Determinants of hydrogen bond distances in proteins

Abstract

Hydrogen bonds (H-bonds) between oxygen atoms, with the O–H bond donated to the acceptor O atom (O_donor–H⋯O_acceptor), are essential for stabilizing protein structures and facilitating enzymatic reactions. The dielectric and electrostatic environment of proteins, as well as structural constraints imposed by protein folding, influence the nature of H-bonds. In this study, we investigated how these factors affect H-bond distances in proteins. Analysis of 906 high-resolution protein structures (≤1.2 Å) from the Protein Data Bank revealed that H-bond distances for H-bonds with the same donor and acceptor groups are distributed around a value primarily determined by the pK_a difference between these groups (ΔpK_a) in water, with lower ΔpK_a values leading to shorter distances. This correlation arises from enhanced electron redistribution from the H-bond acceptor to the donor in lower ΔpK_a H-bonds, which increases the covalent character of the H-bond and decreases the H⋯O_acceptor distance.
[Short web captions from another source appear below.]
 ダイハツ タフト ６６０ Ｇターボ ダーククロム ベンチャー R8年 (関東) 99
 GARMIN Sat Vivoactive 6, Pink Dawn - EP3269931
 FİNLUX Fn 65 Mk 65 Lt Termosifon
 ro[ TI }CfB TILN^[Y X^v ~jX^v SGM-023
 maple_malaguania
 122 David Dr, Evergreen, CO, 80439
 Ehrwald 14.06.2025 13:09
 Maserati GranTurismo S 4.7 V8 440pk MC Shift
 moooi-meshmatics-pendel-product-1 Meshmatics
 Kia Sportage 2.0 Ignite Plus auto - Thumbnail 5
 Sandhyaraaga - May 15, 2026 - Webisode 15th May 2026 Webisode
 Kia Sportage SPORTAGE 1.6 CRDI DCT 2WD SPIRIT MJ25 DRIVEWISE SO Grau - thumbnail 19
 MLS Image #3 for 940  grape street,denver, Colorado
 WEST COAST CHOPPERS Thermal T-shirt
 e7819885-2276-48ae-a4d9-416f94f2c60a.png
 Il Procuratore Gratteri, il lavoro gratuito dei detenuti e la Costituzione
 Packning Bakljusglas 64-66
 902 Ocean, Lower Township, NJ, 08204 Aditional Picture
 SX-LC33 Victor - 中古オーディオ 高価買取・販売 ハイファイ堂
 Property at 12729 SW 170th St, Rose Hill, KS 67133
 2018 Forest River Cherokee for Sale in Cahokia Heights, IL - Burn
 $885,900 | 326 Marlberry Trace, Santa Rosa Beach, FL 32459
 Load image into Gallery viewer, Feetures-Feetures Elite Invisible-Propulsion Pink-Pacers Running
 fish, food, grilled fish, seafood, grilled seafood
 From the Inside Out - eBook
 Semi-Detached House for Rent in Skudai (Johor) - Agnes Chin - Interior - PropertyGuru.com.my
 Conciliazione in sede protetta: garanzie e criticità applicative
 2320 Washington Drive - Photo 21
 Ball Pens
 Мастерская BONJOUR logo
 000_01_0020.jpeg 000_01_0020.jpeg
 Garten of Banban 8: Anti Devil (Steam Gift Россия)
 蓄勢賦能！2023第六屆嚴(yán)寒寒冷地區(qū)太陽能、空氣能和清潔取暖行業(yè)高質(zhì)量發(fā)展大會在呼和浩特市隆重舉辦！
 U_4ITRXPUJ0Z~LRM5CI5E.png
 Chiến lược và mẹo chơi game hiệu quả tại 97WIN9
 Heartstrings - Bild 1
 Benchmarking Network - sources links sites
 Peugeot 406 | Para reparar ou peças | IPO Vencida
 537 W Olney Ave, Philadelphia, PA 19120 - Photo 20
In contrast, H-bond distances are largely unaffected by whether the H-bond is buried in the protein interior or exposed to bulk water, as the strength of the electrostatic interaction between the donor and acceptor groups plays a minor role in determining distances. Furthermore, analysis of H-bonds in microbial rhodopsins using a quantum mechanical/molecular mechanical approach demonstrates that the protein environment primarily influences H-bond distances electrostatically by altering the ΔpK_a of the H-bond, while structural constraints impose a secondary influence by altering O_donor–H⋯O_acceptor angles or H⋯O_acceptor distances without changing ΔpK_a.